■ PROVIDED RECORDS ■
BEGIN

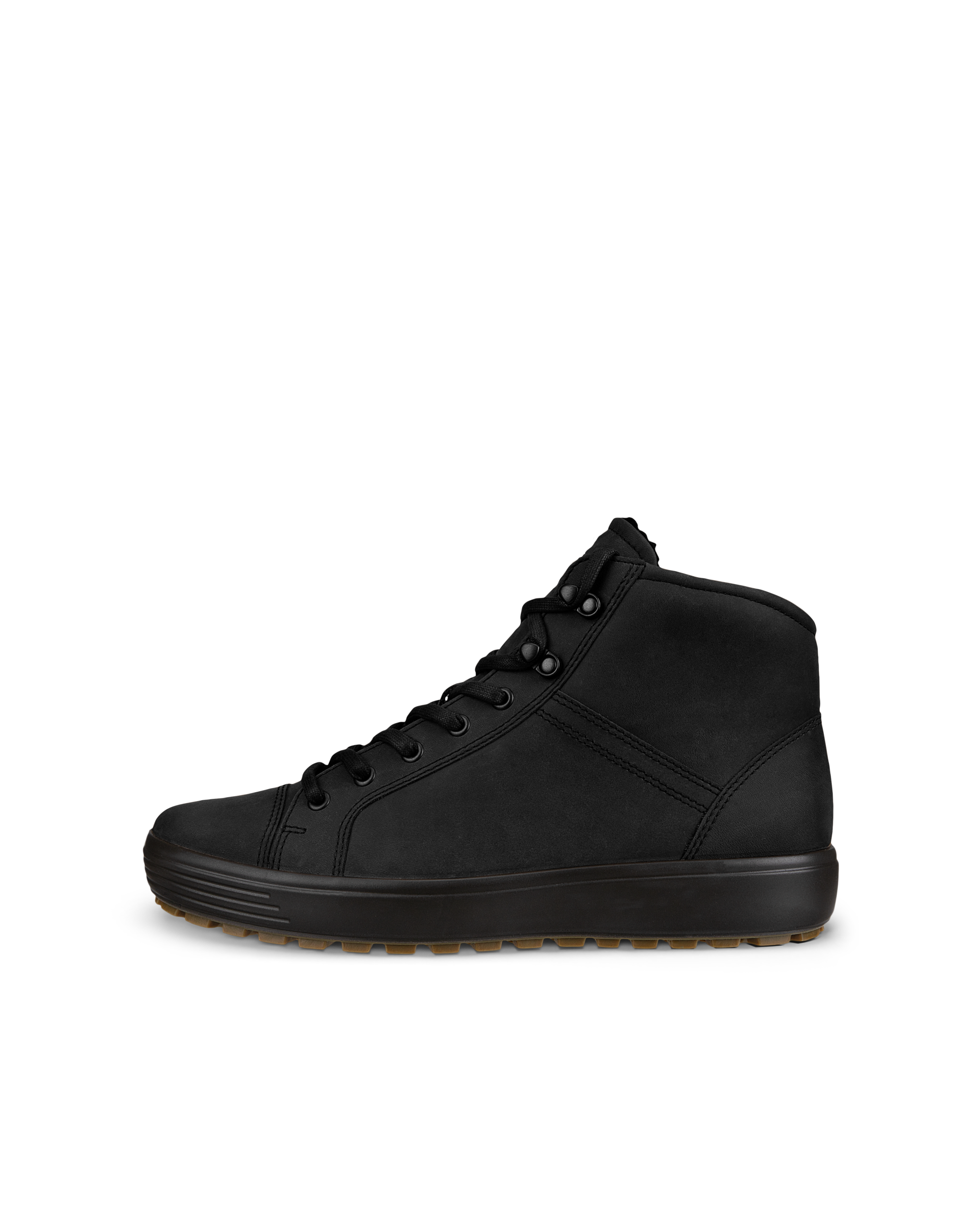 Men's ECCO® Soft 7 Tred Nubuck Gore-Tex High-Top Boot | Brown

END
BEGIN

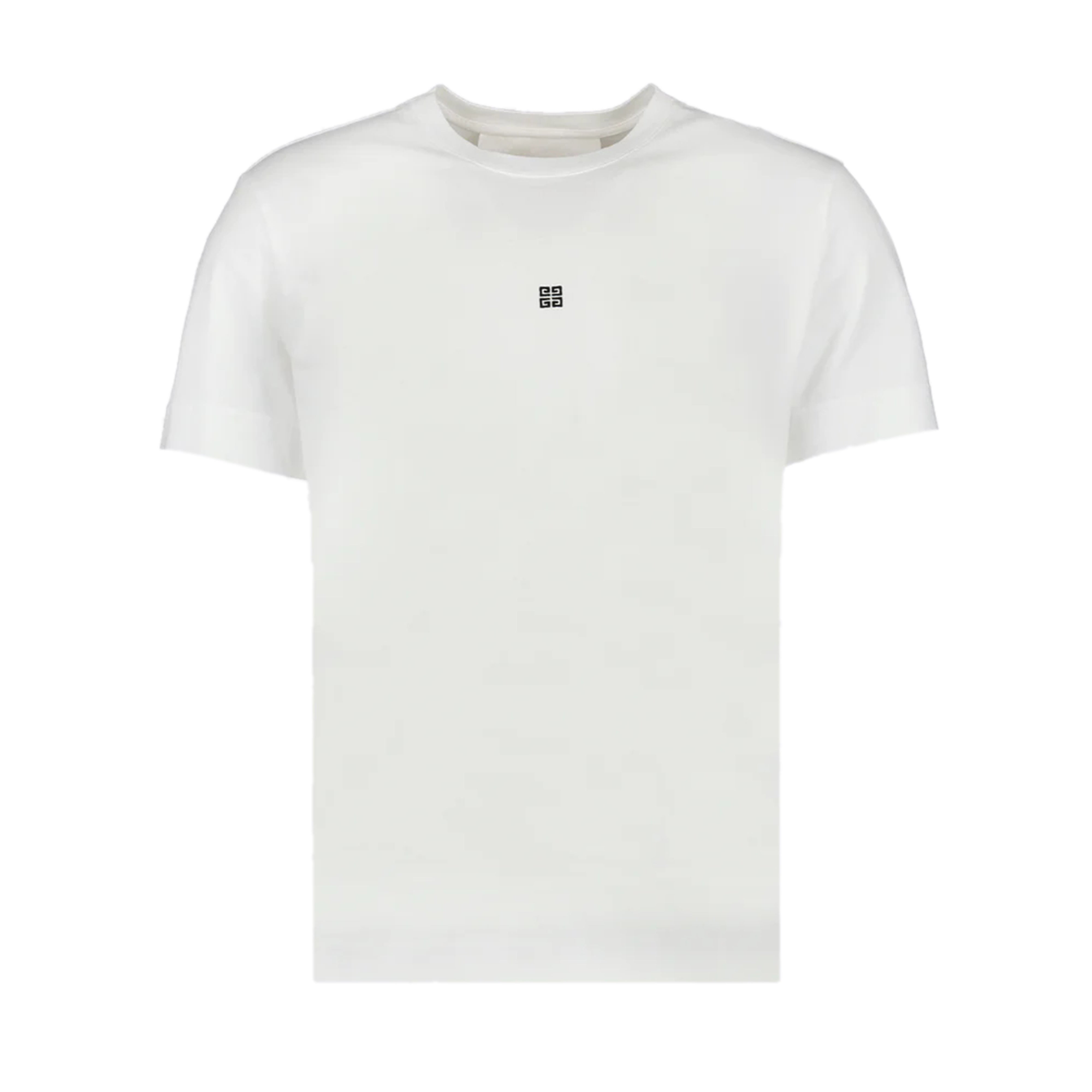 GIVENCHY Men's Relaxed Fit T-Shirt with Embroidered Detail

END
BEGIN

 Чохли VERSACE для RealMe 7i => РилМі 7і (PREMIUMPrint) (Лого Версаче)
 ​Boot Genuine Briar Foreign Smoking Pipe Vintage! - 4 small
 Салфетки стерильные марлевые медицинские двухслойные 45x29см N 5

END

■ EXERCISE DIRECTIONS ■
Please give an exact copy of the entries above, from the line with "Vintage! - 4 small" down to the line with "Салфетки стерильные марлевые", inclusive, and nothing else.

■ SOLUTION TO THE PROBLEM ■
 ​Boot Genuine Briar Foreign Smoking Pipe Vintage! - 4 small
 Салфетки стерильные марлевые медицинские двухслойные 45x29см N 5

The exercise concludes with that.